→ The task
Exactly reproduce the lines from the line bearing "BM2 Armchair" through the end of the listing, inclusive of both; pictures are to be omitted.

→ Data shown

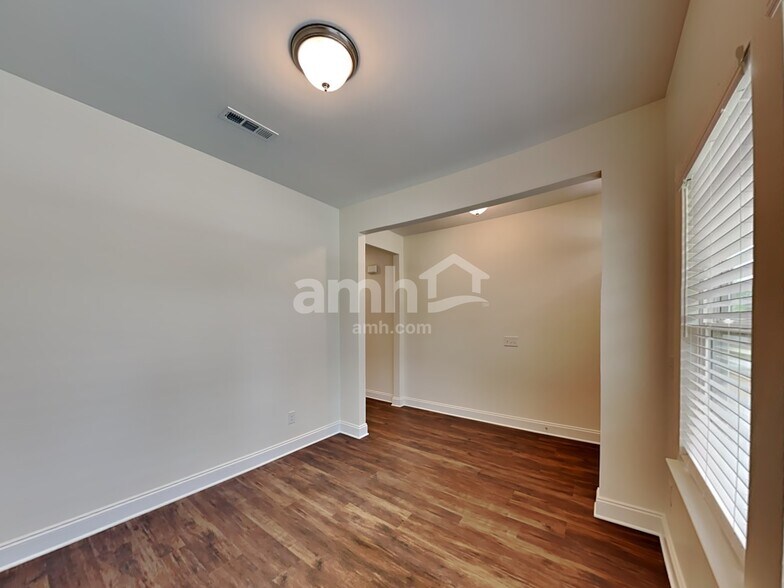 Building Photo - 5908 Hagar Vly Dr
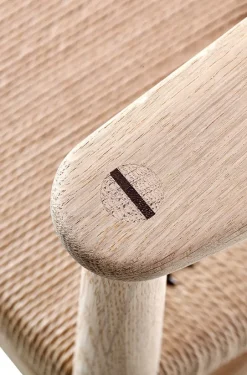 BM2 Armchair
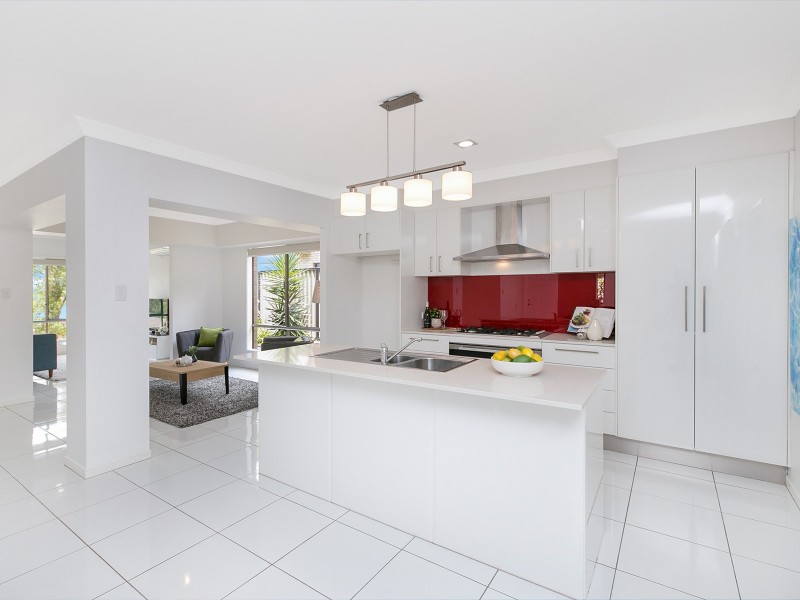63 Corymbia Crescent, Anstead QLD 4070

→ Exercise response
 BM2 Armchair
63 Corymbia Crescent, Anstead QLD 4070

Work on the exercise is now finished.